The government is open to the idea of offloading its entire equity in the two state-run banks that are proposed to be privatised, instead of the initial plan to retain a 26% stake, to garner greater interest from potential investors, a senior official told FE.
NITI Aayog has already recommended the privatisation of Indian Overseas Bank (IOB) and Central Bank of India (CBI), although the government is yet to formally name the sell-off candidates. The government holds 96.38% in IOB and 93.08% in CBI.
The Banking Laws (Amendment) Bill, which is expected to be introduced in the monsoon session of Parliament to facilitate privatisation, may propose that the minimum government holding in the select public-sector banks (PSBs) be trimmed to zero from the current 51%.

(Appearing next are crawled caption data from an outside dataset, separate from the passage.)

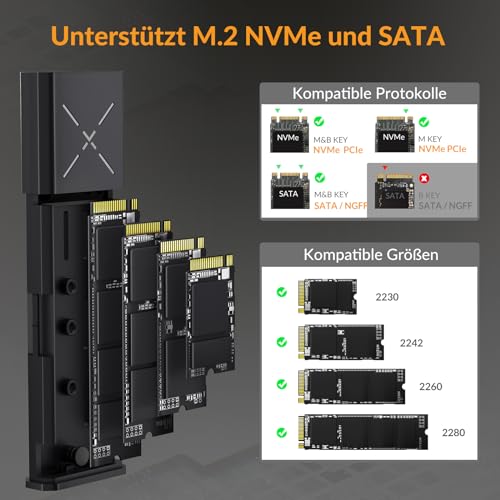 M.2 NVMe und SATA SSD Gehäuse Adapter von iDsonix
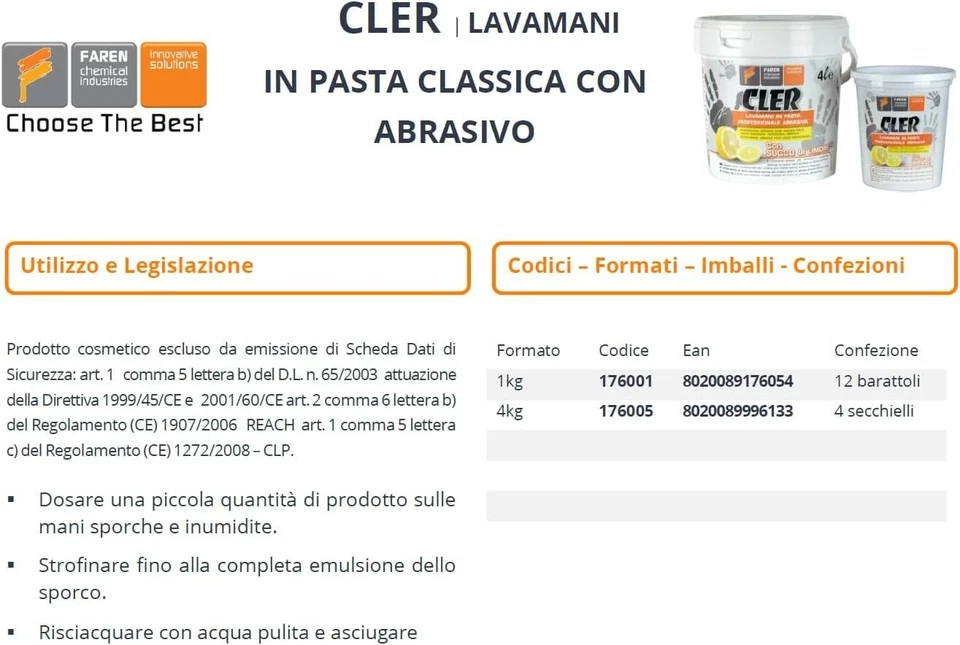 Faren CLER Pasta Lavamani Abrasiva alta qualità Emmoliente, succo di limone 4lt - Immagine 4 di 4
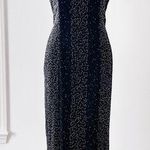Laurence Kazar vintage •  90s beaded maxi dress black silk chiffon formal evening Photo 0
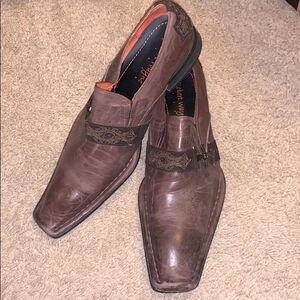 Men's Robert Wayne Brown Leather Slip On Loafers Suede Cross Detail Square Toe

FE had earlier reported that while the Banking Laws (Amendment) Bill, 2021, might propose that the government retain at least 26%, the Centre was willing to shed its entire stake in the select banks should the investors so demand.
The proposal gathered traction days after a team of officials from the Department of Investment and Public Asset Management (Dipam) held talks with investors during the road shows in the US earlier this month for the government’s stake sale in IDBI Bank.

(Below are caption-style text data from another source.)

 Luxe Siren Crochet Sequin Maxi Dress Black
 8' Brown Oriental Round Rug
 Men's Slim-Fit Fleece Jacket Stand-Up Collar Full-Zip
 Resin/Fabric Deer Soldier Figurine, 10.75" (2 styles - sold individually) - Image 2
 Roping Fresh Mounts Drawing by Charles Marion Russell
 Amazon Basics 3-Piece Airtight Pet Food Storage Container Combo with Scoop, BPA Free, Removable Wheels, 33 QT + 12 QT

The Banking Laws (Amendment) Bill, 2021, was listed as part of the legislative business for the winter session of Parliament that concluded on December 23, 2021. However, the government deferred the bold plan amid fierce protests by bank unions ahead of polls in key states like Uttar Pradesh (which are over now).
Late last month, financial services secretary Sanjay Malhotra said the government was at an advanced stage of finalising plans to privatise two state-run banks in sync with the Budget announcement.

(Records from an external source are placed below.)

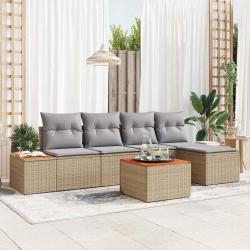 Ensemble de canap&eacute; de jardin 6 pcs Beige Poly rotin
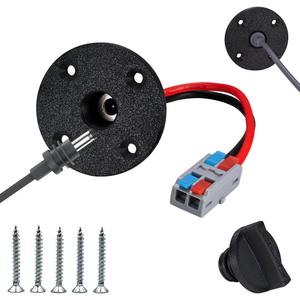 RV DC Cable Panel Mount Compatible with Starlink mini, 5.5 x 2.1mm 2-Pole DC Female SocketWaterproof Passthrough(Round, Black 1pcs)
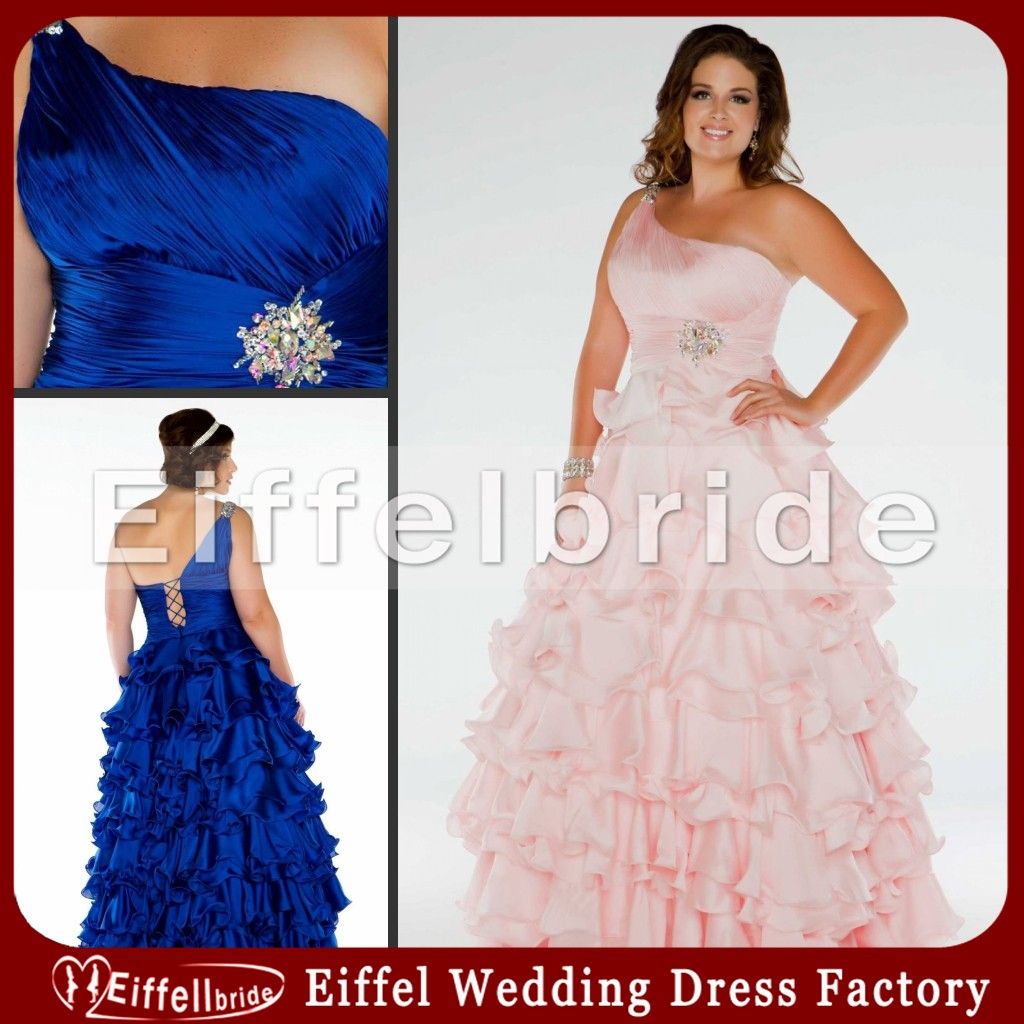 Plus Size Corset Prom Dresses 2014 New Arrival One Shoulder Royal Blue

The Bill proposes to “effect amendments in Banking Companies (Acquisition and Transfer of Undertakings) Acts, 1970 and 1980 and incidental amendments to Banking Regulation Act, 1949”. These laws had led to the nationalisation of banks, so relevant provisions of these laws have to be changed to pave the way for privatisation.
Already, Parliament has cleared a bill to facilitate the privatisation of state-run general insurance companies by removing the requirement for the central government to hold at least a 51% stake in an insurer.
Presenting the Budget for 2021-22, finance minister Nirmala Sitharaman had announced the privatisation of two PSBs and one general insurer. Neither has taken off so far.